▶ [PROBLEM STATEMENT]: If an entry below contains an image, drop the image and retype the rest exactly.

▶ [DATA IN THIS EXERCISE]:
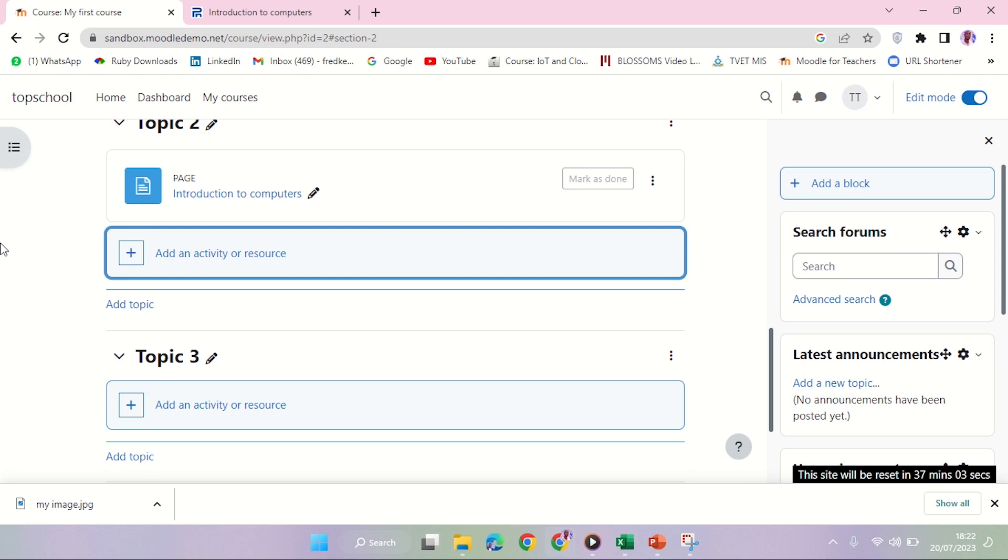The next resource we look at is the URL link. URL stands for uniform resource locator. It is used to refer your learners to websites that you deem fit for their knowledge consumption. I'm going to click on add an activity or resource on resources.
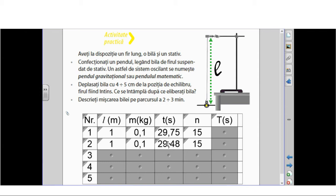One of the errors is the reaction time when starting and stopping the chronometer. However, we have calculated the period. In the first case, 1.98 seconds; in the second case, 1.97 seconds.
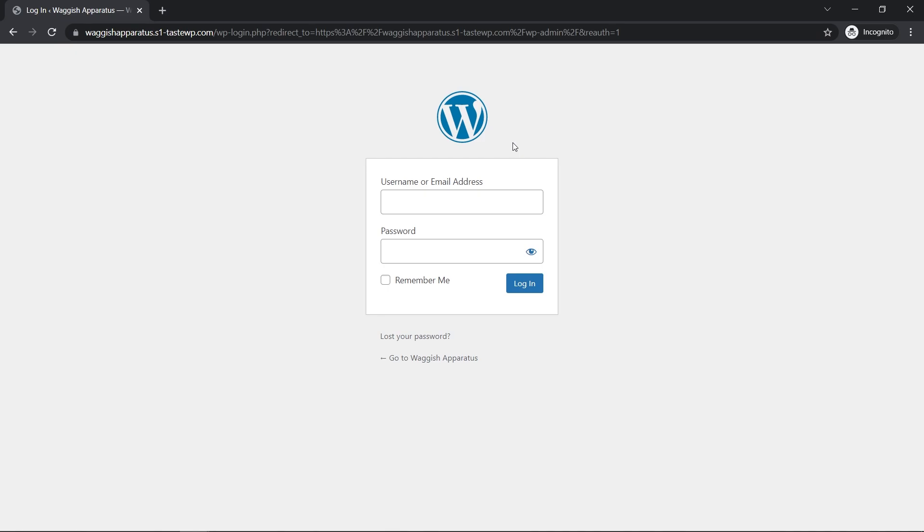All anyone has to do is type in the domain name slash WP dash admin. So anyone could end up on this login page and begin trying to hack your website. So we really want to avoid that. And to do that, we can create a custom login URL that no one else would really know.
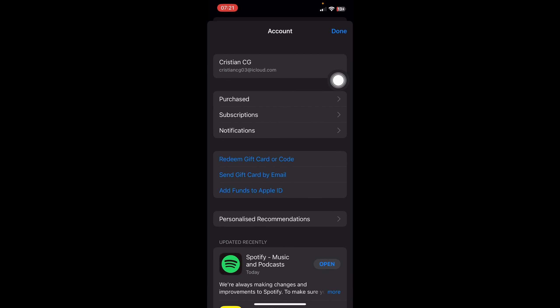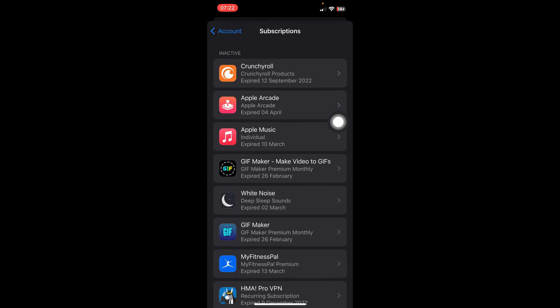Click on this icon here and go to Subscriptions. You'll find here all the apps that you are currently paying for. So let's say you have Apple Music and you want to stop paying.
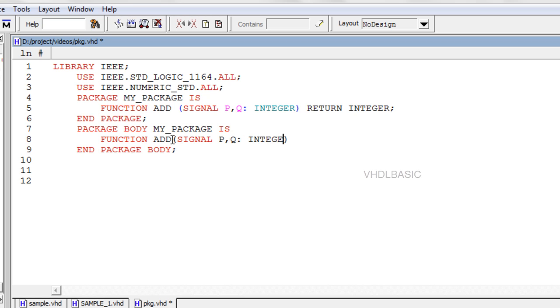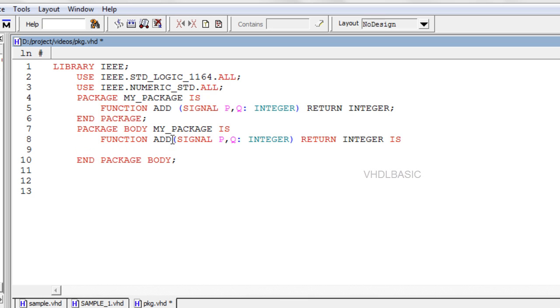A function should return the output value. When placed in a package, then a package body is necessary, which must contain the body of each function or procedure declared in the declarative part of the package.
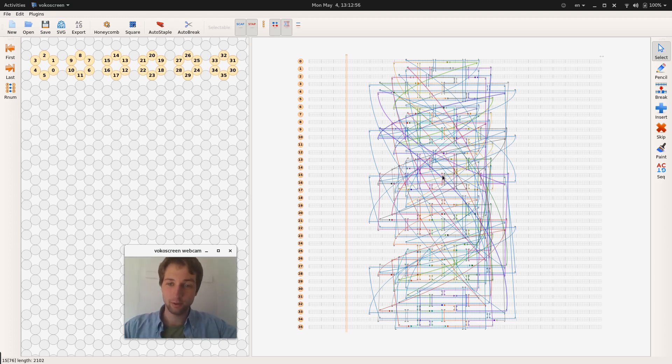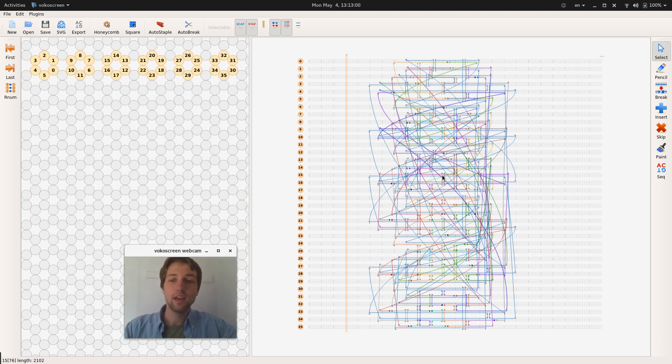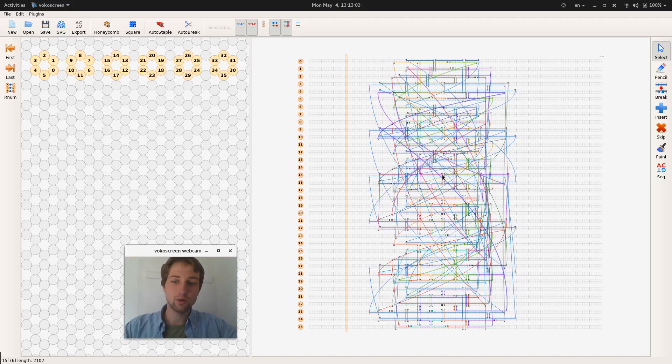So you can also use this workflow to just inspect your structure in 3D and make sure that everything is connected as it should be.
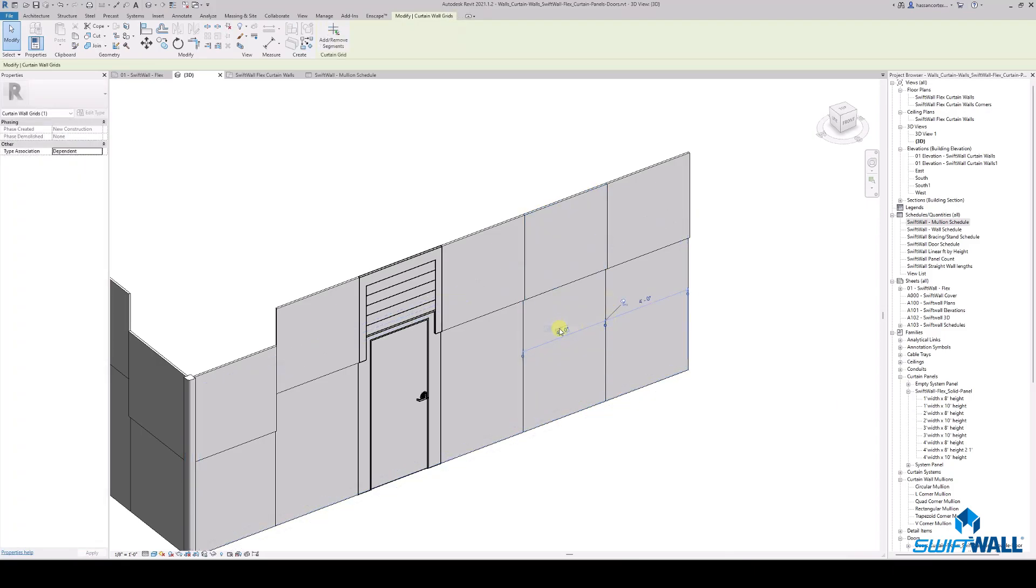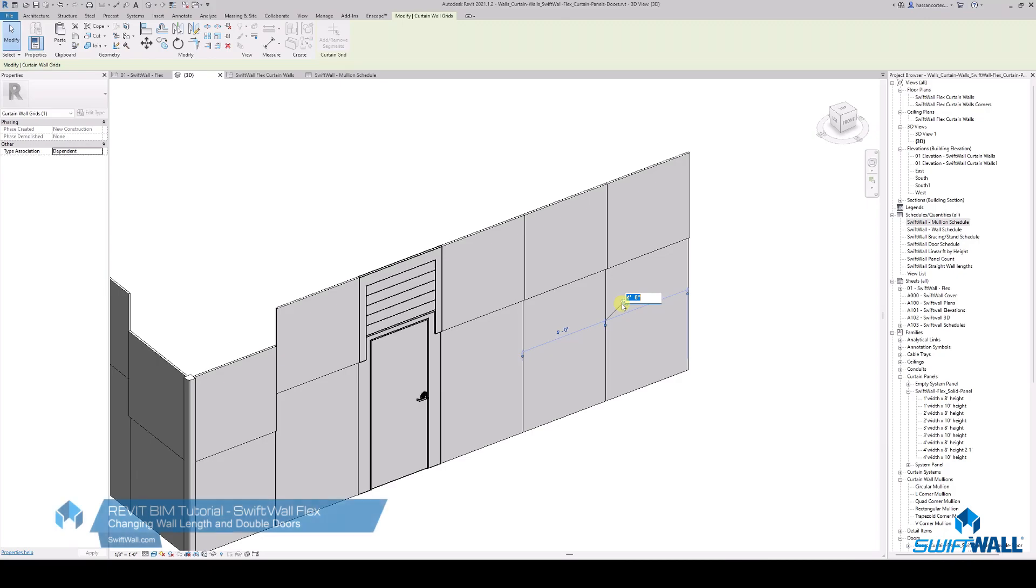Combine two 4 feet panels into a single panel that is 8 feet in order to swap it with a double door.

▶ [WRITTEN RESPONSE]:
The next resource we look at is the URL link. URL stands for uniform resource locator. It is used to refer your learners to websites that you deem fit for their knowledge consumption. I'm going to click on add an activity or resource on resources.
One of the errors is the reaction time when starting and stopping the chronometer. However, we have calculated the period. In the first case, 1.98 seconds; in the second case, 1.97 seconds.
All anyone has to do is type in the domain name slash WP dash admin. So anyone could end up on this login page and begin trying to hack your website. So we really want to avoid that. And to do that, we can create a custom login URL that no one else would really know.
Click on this icon here and go to Subscriptions. You'll find here all the apps that you are currently paying for. So let's say you have Apple Music and you want to stop paying.
A function should return the output value. When placed in a package, then a package body is necessary, which must contain the body of each function or procedure declared in the declarative part of the package.
So you can also use this workflow to just inspect your structure in 3D and make sure that everything is connected as it should be.
Combine two 4 feet panels into a single panel that is 8 feet in order to swap it with a double door.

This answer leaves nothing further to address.